● Exercise details: Once the line containing "Moxy Vienna City East - Bar" is found in the records below, return it and each following line exactly, up to and including the line containing "Elegante Ohrhänger in", and nothing else.

● Data to use:
====

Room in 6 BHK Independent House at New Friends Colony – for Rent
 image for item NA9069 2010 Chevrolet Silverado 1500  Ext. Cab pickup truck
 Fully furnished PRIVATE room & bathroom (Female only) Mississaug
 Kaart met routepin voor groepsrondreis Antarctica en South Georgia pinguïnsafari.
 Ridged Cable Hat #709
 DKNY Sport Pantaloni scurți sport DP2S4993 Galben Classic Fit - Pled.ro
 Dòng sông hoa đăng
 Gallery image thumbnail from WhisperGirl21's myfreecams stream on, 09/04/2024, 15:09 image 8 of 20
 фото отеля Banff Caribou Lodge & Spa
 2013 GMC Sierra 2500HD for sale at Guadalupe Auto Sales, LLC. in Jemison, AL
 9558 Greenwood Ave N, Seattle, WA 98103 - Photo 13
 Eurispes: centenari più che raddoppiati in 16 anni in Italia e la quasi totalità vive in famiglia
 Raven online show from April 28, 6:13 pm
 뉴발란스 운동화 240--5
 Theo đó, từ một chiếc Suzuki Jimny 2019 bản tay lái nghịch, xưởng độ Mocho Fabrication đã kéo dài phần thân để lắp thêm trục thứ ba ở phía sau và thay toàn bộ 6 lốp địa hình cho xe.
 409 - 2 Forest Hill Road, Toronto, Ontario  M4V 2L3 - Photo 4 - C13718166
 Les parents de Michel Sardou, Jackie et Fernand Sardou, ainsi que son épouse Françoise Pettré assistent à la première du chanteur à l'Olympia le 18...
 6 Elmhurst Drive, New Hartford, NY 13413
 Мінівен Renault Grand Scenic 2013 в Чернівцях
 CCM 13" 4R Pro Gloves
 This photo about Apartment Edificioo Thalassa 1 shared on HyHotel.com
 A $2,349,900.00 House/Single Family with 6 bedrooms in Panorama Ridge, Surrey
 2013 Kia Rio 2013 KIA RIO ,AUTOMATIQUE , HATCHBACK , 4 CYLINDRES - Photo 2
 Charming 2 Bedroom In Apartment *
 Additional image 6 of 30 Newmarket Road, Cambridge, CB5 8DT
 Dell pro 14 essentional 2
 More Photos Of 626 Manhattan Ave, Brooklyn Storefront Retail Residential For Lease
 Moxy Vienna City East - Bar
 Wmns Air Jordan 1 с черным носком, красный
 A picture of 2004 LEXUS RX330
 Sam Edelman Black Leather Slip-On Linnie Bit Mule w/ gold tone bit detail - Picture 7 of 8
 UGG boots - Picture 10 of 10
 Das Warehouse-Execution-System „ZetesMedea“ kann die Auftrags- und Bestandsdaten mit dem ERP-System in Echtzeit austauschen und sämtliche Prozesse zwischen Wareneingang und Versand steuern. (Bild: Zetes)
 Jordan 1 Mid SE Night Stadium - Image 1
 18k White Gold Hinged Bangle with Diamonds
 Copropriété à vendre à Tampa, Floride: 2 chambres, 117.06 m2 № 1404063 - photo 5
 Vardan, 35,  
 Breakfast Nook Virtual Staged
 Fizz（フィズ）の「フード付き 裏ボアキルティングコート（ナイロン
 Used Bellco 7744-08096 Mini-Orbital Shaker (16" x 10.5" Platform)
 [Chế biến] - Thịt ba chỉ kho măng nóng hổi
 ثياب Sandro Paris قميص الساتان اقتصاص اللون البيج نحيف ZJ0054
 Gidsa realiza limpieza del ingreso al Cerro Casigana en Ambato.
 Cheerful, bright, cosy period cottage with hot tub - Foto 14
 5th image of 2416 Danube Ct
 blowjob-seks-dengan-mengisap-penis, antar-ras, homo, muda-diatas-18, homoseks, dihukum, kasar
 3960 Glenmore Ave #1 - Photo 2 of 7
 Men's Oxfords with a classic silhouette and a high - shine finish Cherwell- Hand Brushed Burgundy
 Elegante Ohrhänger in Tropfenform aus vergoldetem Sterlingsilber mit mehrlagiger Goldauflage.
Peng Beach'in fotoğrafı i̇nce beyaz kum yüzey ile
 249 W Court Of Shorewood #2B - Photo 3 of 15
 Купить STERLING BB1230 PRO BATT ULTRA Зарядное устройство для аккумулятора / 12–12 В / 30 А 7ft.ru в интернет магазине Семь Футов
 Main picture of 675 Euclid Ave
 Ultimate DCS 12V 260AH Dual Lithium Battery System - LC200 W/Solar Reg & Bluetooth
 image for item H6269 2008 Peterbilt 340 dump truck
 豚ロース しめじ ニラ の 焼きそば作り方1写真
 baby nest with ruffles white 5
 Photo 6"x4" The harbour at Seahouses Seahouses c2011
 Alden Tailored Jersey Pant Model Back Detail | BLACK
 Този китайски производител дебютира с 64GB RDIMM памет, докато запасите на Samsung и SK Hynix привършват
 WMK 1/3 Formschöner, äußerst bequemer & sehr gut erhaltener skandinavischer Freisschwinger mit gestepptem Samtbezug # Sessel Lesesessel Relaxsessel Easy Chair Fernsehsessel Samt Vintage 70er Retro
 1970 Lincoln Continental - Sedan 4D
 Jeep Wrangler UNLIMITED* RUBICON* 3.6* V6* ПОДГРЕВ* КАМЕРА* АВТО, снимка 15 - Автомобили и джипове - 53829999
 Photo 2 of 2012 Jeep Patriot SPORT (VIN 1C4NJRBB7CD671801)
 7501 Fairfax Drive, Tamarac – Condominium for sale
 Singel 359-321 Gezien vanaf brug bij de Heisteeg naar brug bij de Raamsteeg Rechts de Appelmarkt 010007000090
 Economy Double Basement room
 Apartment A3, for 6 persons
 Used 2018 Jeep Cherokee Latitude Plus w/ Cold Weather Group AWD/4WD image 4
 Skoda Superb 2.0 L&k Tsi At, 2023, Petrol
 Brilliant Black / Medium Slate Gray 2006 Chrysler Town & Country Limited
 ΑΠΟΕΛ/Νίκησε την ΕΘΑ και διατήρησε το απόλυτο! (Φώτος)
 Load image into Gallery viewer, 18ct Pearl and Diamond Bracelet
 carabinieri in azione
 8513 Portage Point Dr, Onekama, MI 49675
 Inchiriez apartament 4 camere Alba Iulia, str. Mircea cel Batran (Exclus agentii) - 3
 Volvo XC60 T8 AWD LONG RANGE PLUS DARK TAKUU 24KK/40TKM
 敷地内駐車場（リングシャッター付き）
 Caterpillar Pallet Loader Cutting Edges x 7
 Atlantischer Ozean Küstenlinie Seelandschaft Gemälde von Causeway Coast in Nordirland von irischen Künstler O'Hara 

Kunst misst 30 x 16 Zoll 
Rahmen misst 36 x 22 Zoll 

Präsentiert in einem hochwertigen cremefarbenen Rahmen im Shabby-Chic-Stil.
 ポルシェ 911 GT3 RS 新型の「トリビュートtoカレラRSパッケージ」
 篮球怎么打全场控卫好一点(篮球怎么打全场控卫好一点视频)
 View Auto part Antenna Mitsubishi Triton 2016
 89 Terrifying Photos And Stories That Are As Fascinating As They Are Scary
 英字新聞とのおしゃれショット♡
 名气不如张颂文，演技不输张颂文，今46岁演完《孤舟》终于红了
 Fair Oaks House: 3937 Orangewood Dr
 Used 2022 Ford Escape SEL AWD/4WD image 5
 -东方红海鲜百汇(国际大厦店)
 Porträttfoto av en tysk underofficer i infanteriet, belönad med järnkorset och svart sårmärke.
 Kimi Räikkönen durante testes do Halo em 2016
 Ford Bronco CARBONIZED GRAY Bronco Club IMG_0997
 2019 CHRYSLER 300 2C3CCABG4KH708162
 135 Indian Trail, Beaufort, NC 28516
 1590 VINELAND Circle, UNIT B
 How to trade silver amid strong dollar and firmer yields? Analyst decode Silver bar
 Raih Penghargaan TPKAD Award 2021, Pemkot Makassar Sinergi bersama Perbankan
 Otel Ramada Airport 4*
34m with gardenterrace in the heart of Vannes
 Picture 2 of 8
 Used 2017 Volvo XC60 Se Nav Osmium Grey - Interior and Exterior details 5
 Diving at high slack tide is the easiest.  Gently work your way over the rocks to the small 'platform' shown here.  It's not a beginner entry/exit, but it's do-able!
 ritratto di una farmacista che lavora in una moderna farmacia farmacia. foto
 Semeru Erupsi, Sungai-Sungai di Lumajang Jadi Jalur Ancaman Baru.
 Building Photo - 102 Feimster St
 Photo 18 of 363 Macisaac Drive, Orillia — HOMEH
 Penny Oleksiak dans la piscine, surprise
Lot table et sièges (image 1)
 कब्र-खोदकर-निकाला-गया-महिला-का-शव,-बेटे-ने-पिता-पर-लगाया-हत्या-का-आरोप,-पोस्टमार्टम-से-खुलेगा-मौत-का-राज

====

● Answer space:
 Moxy Vienna City East - Bar
 Wmns Air Jordan 1 с черным носком, красный
 A picture of 2004 LEXUS RX330
 Sam Edelman Black Leather Slip-On Linnie Bit Mule w/ gold tone bit detail - Picture 7 of 8
 UGG boots - Picture 10 of 10
 Das Warehouse-Execution-System „ZetesMedea“ kann die Auftrags- und Bestandsdaten mit dem ERP-System in Echtzeit austauschen und sämtliche Prozesse zwischen Wareneingang und Versand steuern. (Bild: Zetes)
 Jordan 1 Mid SE Night Stadium - Image 1
 18k White Gold Hinged Bangle with Diamonds
 Copropriété à vendre à Tampa, Floride: 2 chambres, 117.06 m2 № 1404063 - photo 5
 Vardan, 35,  
 Breakfast Nook Virtual Staged
 Fizz（フィズ）の「フード付き 裏ボアキルティングコート（ナイロン
 Used Bellco 7744-08096 Mini-Orbital Shaker (16" x 10.5" Platform)
 [Chế biến] - Thịt ba chỉ kho măng nóng hổi
 ثياب Sandro Paris قميص الساتان اقتصاص اللون البيج نحيف ZJ0054
 Gidsa realiza limpieza del ingreso al Cerro Casigana en Ambato.
 Cheerful, bright, cosy period cottage with hot tub - Foto 14
 5th image of 2416 Danube Ct
 blowjob-seks-dengan-mengisap-penis, antar-ras, homo, muda-diatas-18, homoseks, dihukum, kasar
 3960 Glenmore Ave #1 - Photo 2 of 7
 Men's Oxfords with a classic silhouette and a high - shine finish Cherwell- Hand Brushed Burgundy
 Elegante Ohrhänger in Tropfenform aus vergoldetem Sterlingsilber mit mehrlagiger Goldauflage.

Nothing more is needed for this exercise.